# Aim of the task
Set down the lines below, exactly, starting at the one that contains "Jim mentions he" and stopping at the last line, inclusive. Omit pictures.

# Collected data

····················

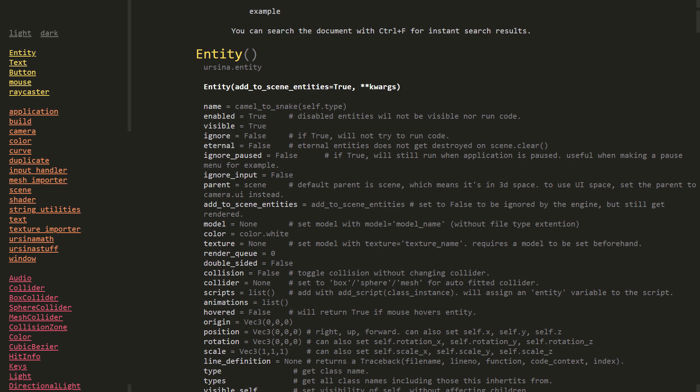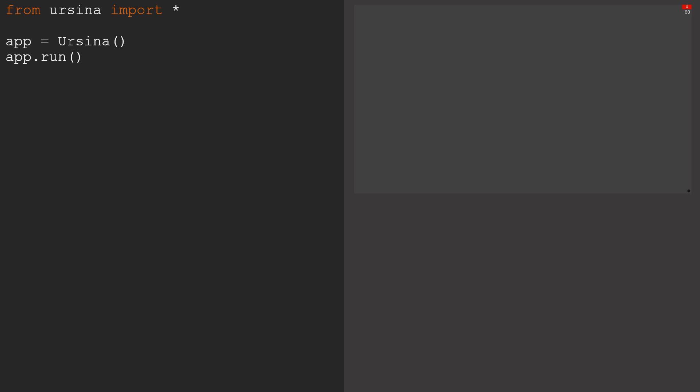Moving back to our code, there might be cases when we don't want some of these features. When we build our code, these get turned off automatically, but in the meantime we can type application.developmentMode equals false. And it's really important to make sure you put this above the first time you call Ursina.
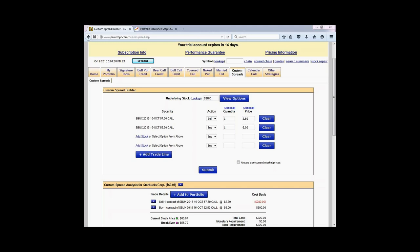Jim mentions he has bull puts on PCLN, Google, and Baidu. Just make sure you don't leave those open through earnings. Jim also asks: can you set a minimum number for open interest? Absolutely — if you wanted to set a minimum of 1,000 or 10,000 contracts, that's available as well.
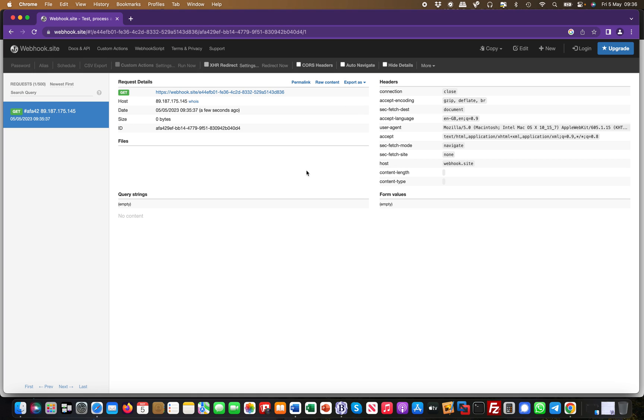Rather than spinning up your own AWS instance or Linode instance, you can use webhook.site and simply play with that and see how it works. I find it useful—I use it in engagements quite a lot.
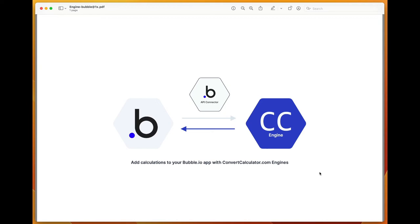We are going to show how you can create a relatively easy mortgage calculator with Bubble, using the ConvertCalculator calculation engine. We're going to create a Bubble application, create an engine in ConvertCalculator, and connect it with the API connector from Bubble.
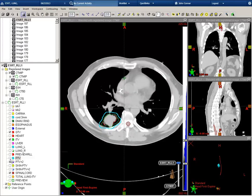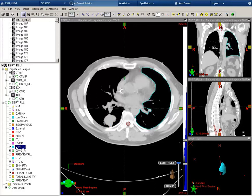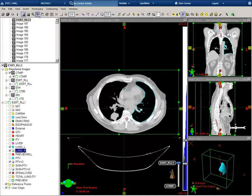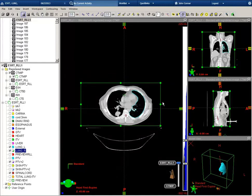Next, I'll show you how to contour one of the lungs. The left lung is here in blue, and that's already contoured for us. I'm going to show you how to contour the right lung, so I'll turn the VOI bounding box on.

····················

# Exercise output
Jim mentions he has bull puts on PCLN, Google, and Baidu. Just make sure you don't leave those open through earnings. Jim also asks: can you set a minimum number for open interest? Absolutely — if you wanted to set a minimum of 1,000 or 10,000 contracts, that's available as well.
Rather than spinning up your own AWS instance or Linode instance, you can use webhook.site and simply play with that and see how it works. I find it useful—I use it in engagements quite a lot.
We are going to show how you can create a relatively easy mortgage calculator with Bubble, using the ConvertCalculator calculation engine. We're going to create a Bubble application, create an engine in ConvertCalculator, and connect it with the API connector from Bubble.
Next, I'll show you how to contour one of the lungs. The left lung is here in blue, and that's already contoured for us. I'm going to show you how to contour the right lung, so I'll turn the VOI bounding box on.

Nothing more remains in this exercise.